Selain itu, Pertamina juga memanfaatkan dukungan pemerintah seperti penetapan proyek kilang dan petrokimia sebagai Proyek Strategis Nasional (PSN) sehingga akan lebih mudah dalam perizinan, pemberian tax holiday atau mendapatkan insentif fiskal berupa tax holiday sehingga meningkatkan nilai keekonomian proyek tentu saja akan sangat menarik investor.

Setelah proyek kilang ini selesai dibangun, maka kilang-kilang yang dimiliki oleh Pertamina akan menjadi lebih kompetitif dan bahkan termasuk yang terbaik di regional. Selain daripada kapasitas pengolahan dan juga produksi BBM yang meningkat, di sisi produk petrokimia juga akan meningkat secara signifikan yaitu dari sebelumnya 1.7 juta metric ton per tahun menjadi 8.6 juta metric ton per tahun."


Layak secara keekonomian di situasi yang sulit ini seperti apa sih Pak?
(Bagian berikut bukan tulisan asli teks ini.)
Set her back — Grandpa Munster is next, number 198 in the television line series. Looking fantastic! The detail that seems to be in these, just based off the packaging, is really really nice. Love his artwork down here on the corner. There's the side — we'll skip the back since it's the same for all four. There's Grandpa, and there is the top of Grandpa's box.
Layak ekonomi bisa berlanjut seberapa lama lagi?

"Ada suatu indikator biasanya di dalam suatu proyek kita kenal IRR juga NPV (Net Present Value) atau juga buyback period, itu juga menjadi indikator. Nah biasanya kalau partner ini punya suatu target IRR misal partner dari Timur Tengah syaratkan IRR 12% bahkan 15% dengan langkah-langkah tadi, itulah upaya yang kita bisa upayakan atau hasilkan dapatkan keekonomian menarik dari investor. Bagi kita Pertamina akan lebih baik percepat pengembalian return."


Selama pandemi Covid-19, apakah pembangunan kilang terus berjalan, bagaimana strateginya?
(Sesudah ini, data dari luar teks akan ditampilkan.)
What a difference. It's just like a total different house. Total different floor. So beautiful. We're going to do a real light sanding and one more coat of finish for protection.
"Pertamina telah menetapkan bahwa proyek strategis nasional seperti proyek kilang yaitu RDMP dan GRR agar terus dijalankan. Ini komitmen Pertamina, RDMP ini kita kenal adalah proyek upgrading kilang kita lakukan modernisasi pada kilang existing GRR adalah bangun kilang baru terintegrasi dengan petrokimia. Hal ini dilaksanakan tidak hanya agar proyek-proyek tersebut dapat selesai sesuai dengan target waktu, namun juga agar dapat mendorong ekonomi masyarakat khususnya di sekitar wilayah proyek. Seperti contohnya di RDMP Balikpapan, hingga saat ini telah melibatkan lebih dari 6.000 pekerja di lapangan dan terus akan bertambah. Progress cukup signifikan saat ini sudah 25%.

Dalam hal ini, Pertamina menerapkan protokol kesehatan yang ketat termasuk melaksanakan Pool PCR kepada seluruh pekerja proyek dan operasional kilang. Selain itu, kami juga memanfaatkan teknologi-teknologi informasi, sehingga pekerjaan seperti review engineering dapat dilaksanakan secara online. Selama pandemic, Pertamina terus menjalankan penugasan dan amanah untuk melaksanakan pembangunan dan menyelesaikan target kilang dan petrokimia sebagaimana diberikan penugasan."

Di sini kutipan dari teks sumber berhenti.